*** Opening Data for this exercise ***
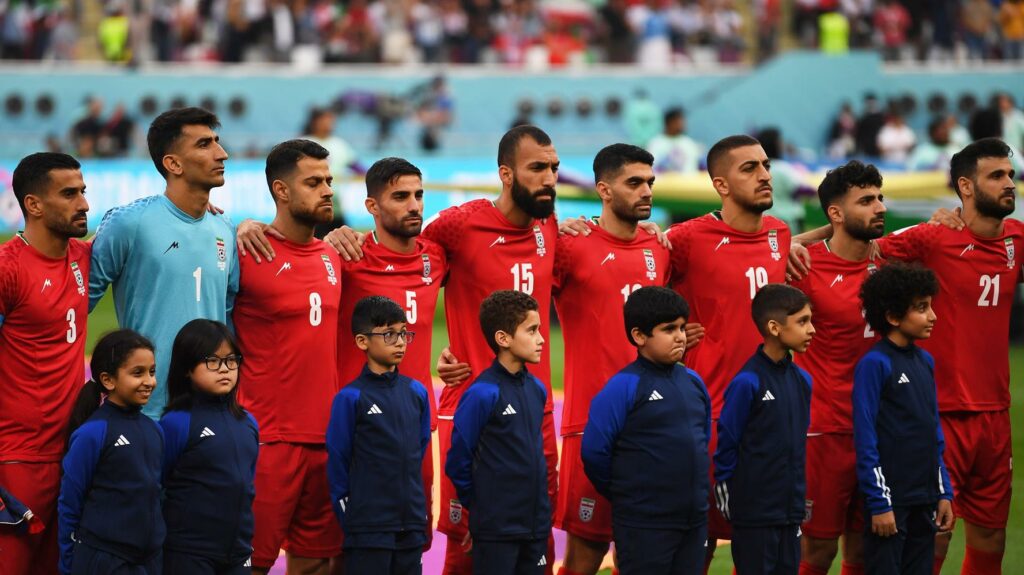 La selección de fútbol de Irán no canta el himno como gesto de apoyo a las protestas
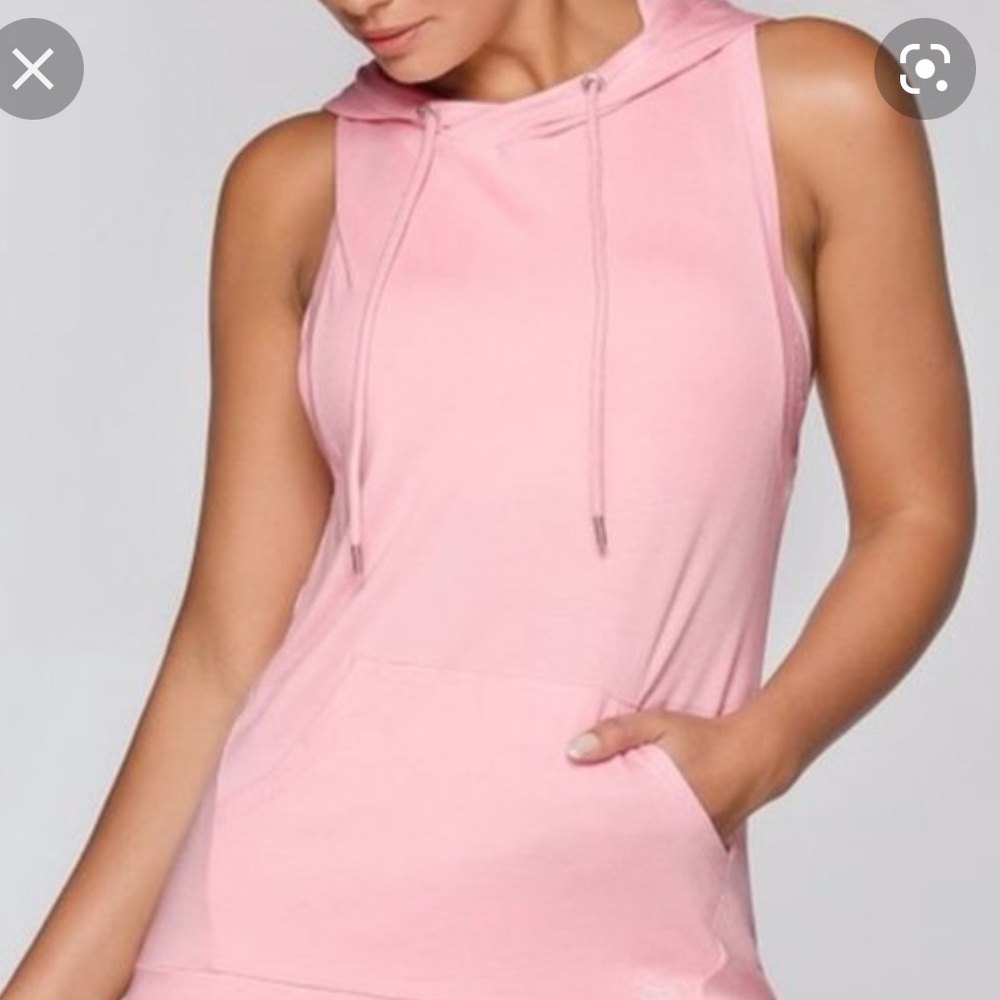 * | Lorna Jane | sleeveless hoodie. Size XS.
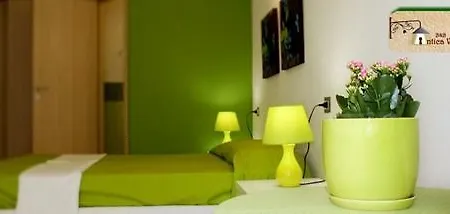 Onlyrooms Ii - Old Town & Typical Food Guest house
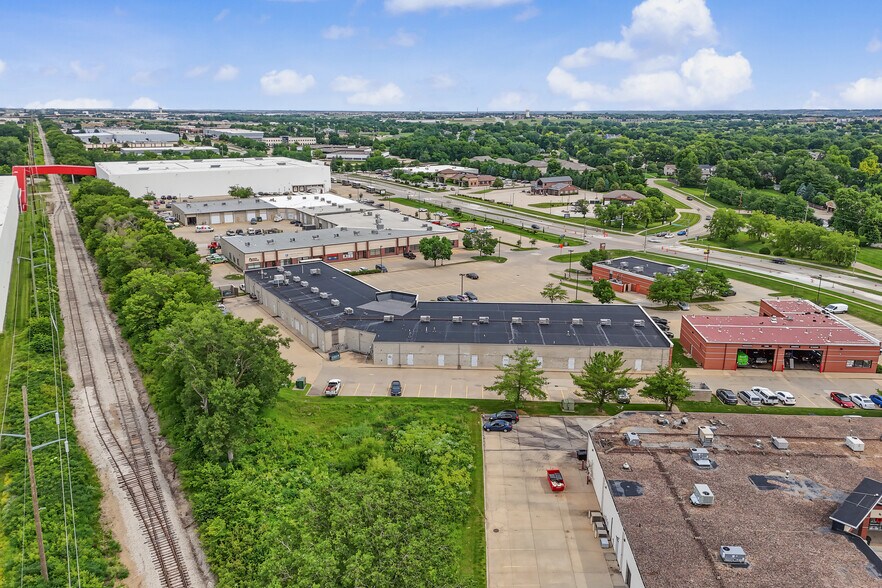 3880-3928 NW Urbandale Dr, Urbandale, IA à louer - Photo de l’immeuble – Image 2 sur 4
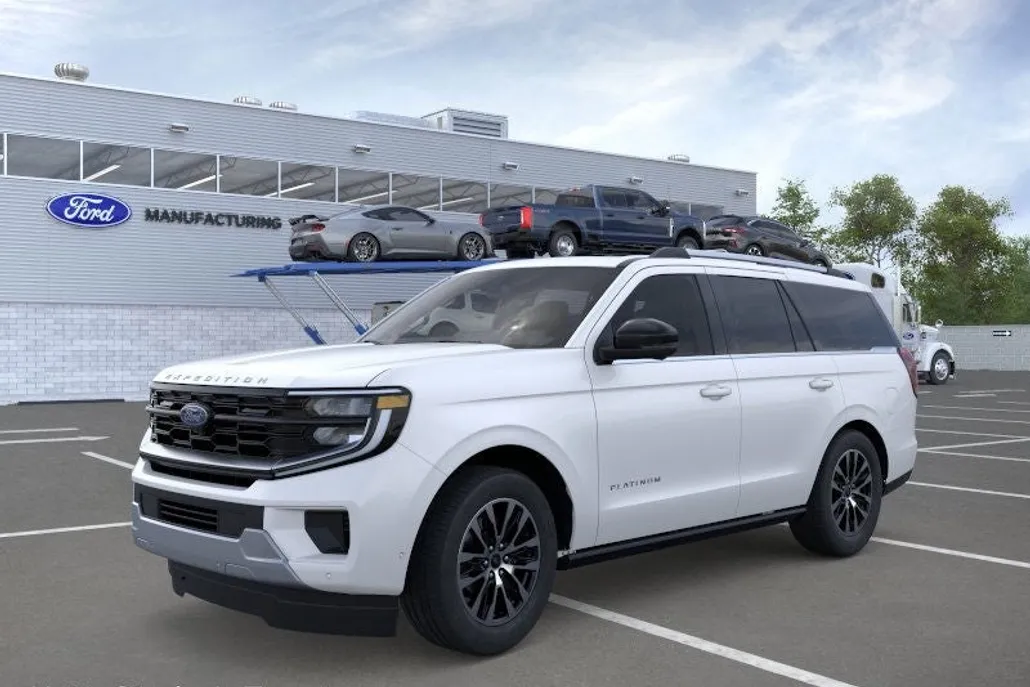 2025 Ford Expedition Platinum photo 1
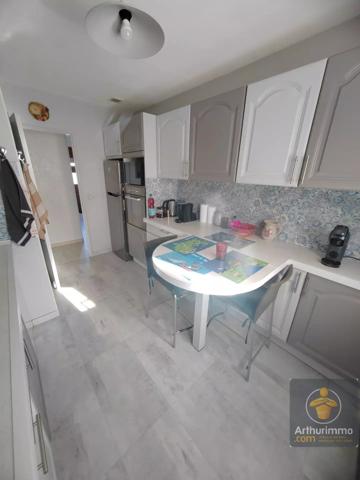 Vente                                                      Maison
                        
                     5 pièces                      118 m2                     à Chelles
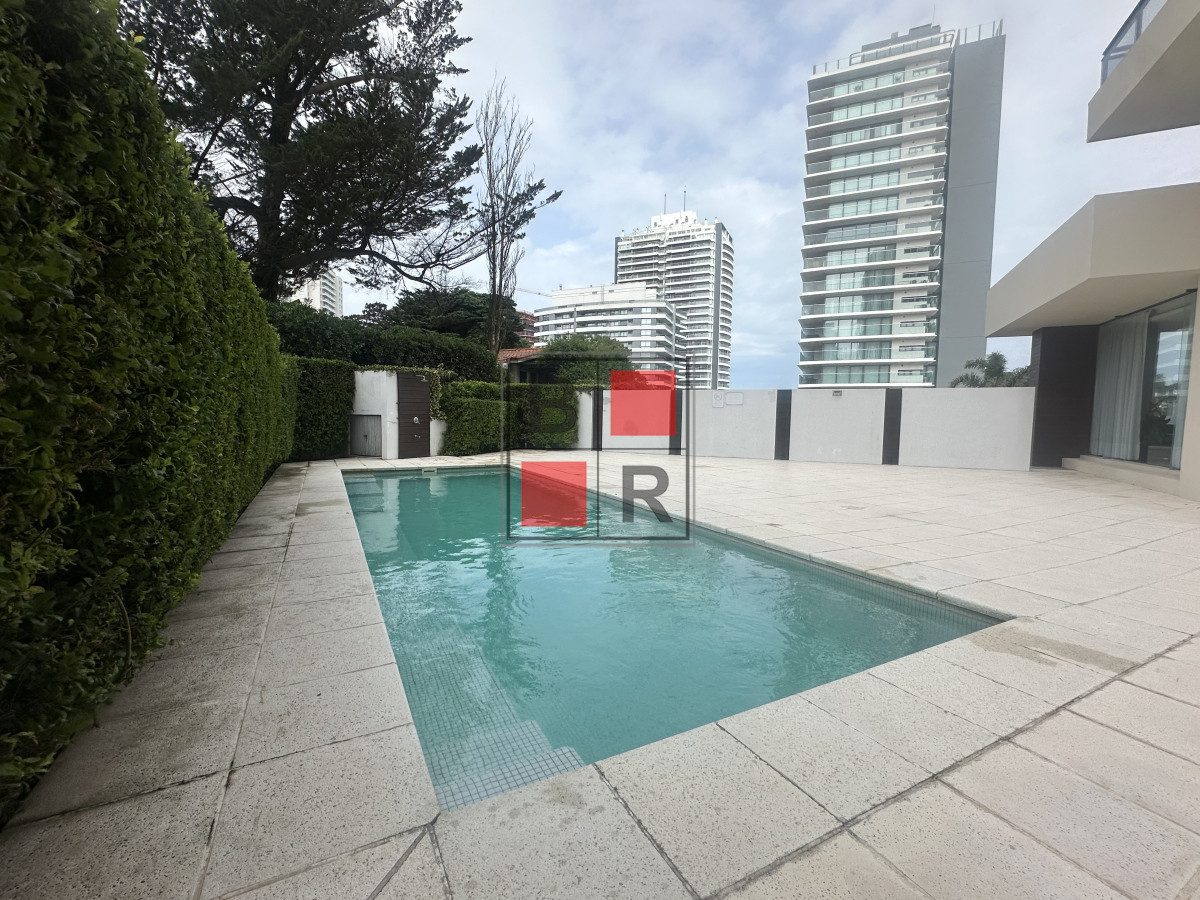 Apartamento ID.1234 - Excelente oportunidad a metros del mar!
*** Closing Data for this exercise ***
■ **Exercise instructions**
Repeat the whole listing above word for word, but keep any picture out of it.

■ **Solution to the problem**
 La selección de fútbol de Irán no canta el himno como gesto de apoyo a las protestas
 * | Lorna Jane | sleeveless hoodie. Size XS.
 Onlyrooms Ii - Old Town & Typical Food Guest house
 3880-3928 NW Urbandale Dr, Urbandale, IA à louer - Photo de l’immeuble – Image 2 sur 4
 2025 Ford Expedition Platinum photo 1
 Vente                                                      Maison
                        
                     5 pièces                      118 m2                     à Chelles
 Apartamento ID.1234 - Excelente oportunidad a metros del mar!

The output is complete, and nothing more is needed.